Originally, I thought the words were, "tired of being right…tired of being wrong…tired of being right."  Either way, I guess it still applies, since I am tired of all those things…
I haven’t written on this blog in a long time.  Sometimes I think about it, wondering if whatever recent mundane event or amusing anecdote would be worthy of my reader(s?) time and attention.  Other times, I feel like all I do is complain, and the most relevant people have heard it all anyway.
The past month or so have brought events both great and small…mainly small, though.
I’ve continued to explore my new neighborhood…now with the aid of a small, toylike automobile, which I purchased approximately two weeks ago.  I decided that I was too dependent on other people from work for rides.  Of course, now it still may be two months before I get a parking pass, but in the worst case scenario, I can drive to the visitor parking lot and try to get a ride (or wait for the bus) over the bridge.

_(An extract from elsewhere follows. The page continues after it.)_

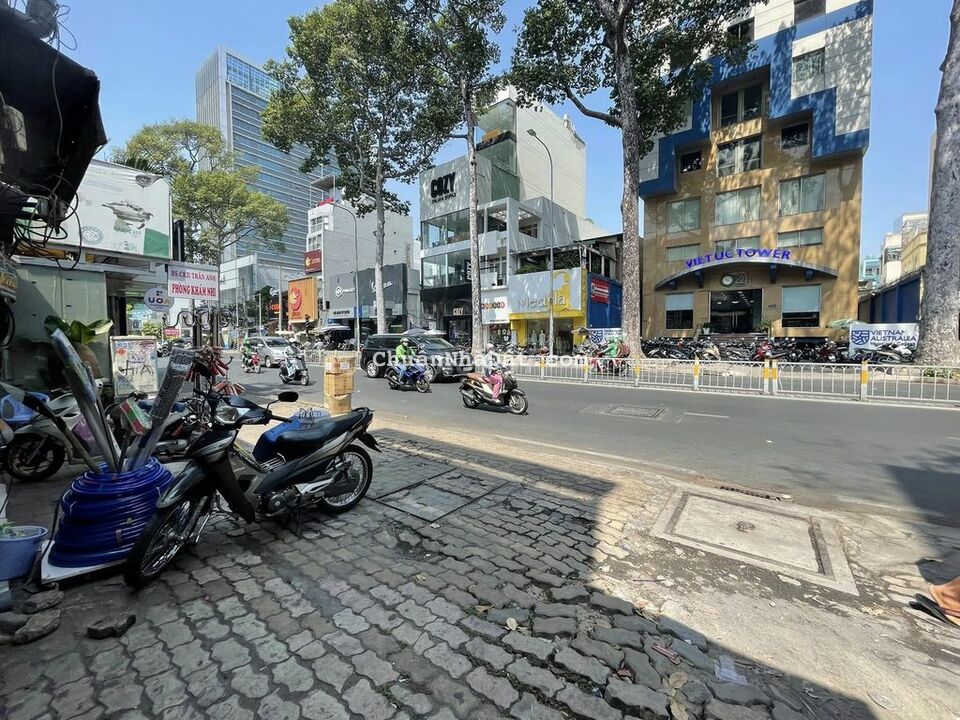 NHÀ MẶT TIỀN 4X20, 1T2L, VỈA HẺ, SÂN RỘNG, NGUYỄN THỊ MINH KHAI, Q3 NHÀ MẶT TIỀN 4X20, 1T2L, VỈA HẺ, SÂN RỘNG, NGUYỄN THỊ MINH KHAI, Q3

I had a variety of guests in town, though most of them didn’t stay with me…much celebration with food and drink has helped me ignore the fact that I am still alone, despite all attempts half- and full-hearted to the contrary.
Two of my coworkers hooked up at the table during a recent drunken birthday party.  The only other person who knows, besides me, is of course the famous and previously-mentioned C-of-I.  In fact, it was his birthday, together with someone else who had left by then, and earlier in the week I had made them a cake and brought them presents.  As much as it delights me to come off as so nice, charming, thoughtful, and sweet…at the same time, I mentally kick myself for being abject, servile, debased, and doormat-like.  My genuine good-birthday-wishes were no less sincere, but I need to tone down the favors if these feelings remain unrequited.
Adding more fuel to the confused and mixed messages fire, I learned that C-of-I himself expressed the wish to have hooked up with someone…presumably your humble narrator, since I was the only other female there.  Yet since that time, he continues to avoid spending any time alone with me that isn’t during lunch or our daily commute.
Of course, I have more people on my side…but this is a cold comfort…there are rumors that he may have been set up with yet another girl from Long Island…to which I responded by attempting to meet new people on my own.  So far, the success rate is low…but I am trying not to be too discouraged.
In the meantime, the one person at work who I feel really knows me is now consumed with her new Secret Lover…they are together every day after work, when she and I used to hang out.  In some ways, it’s a blessing in disguise, since she actually hasn’t been so nice all the time to me lately.  On the other hand, now I have no more work buddy…unless you count the amount of time I spend at work trying to help her, and occasionally getting yelled at.
I’m starting to feel like this blog post is getting whiny and pointless.  I was originally going to add in some funny notes to myself that I unearthed today, but maybe I’ll save them for a cheerier overall post.  Hope all is well with everyone else…and for those of you who are worse off than I am, I want to be helpful and sympathetic- some days I am more so than others.  You know who you are.
To everyone else, sorry for being cryptic.  Bye for now.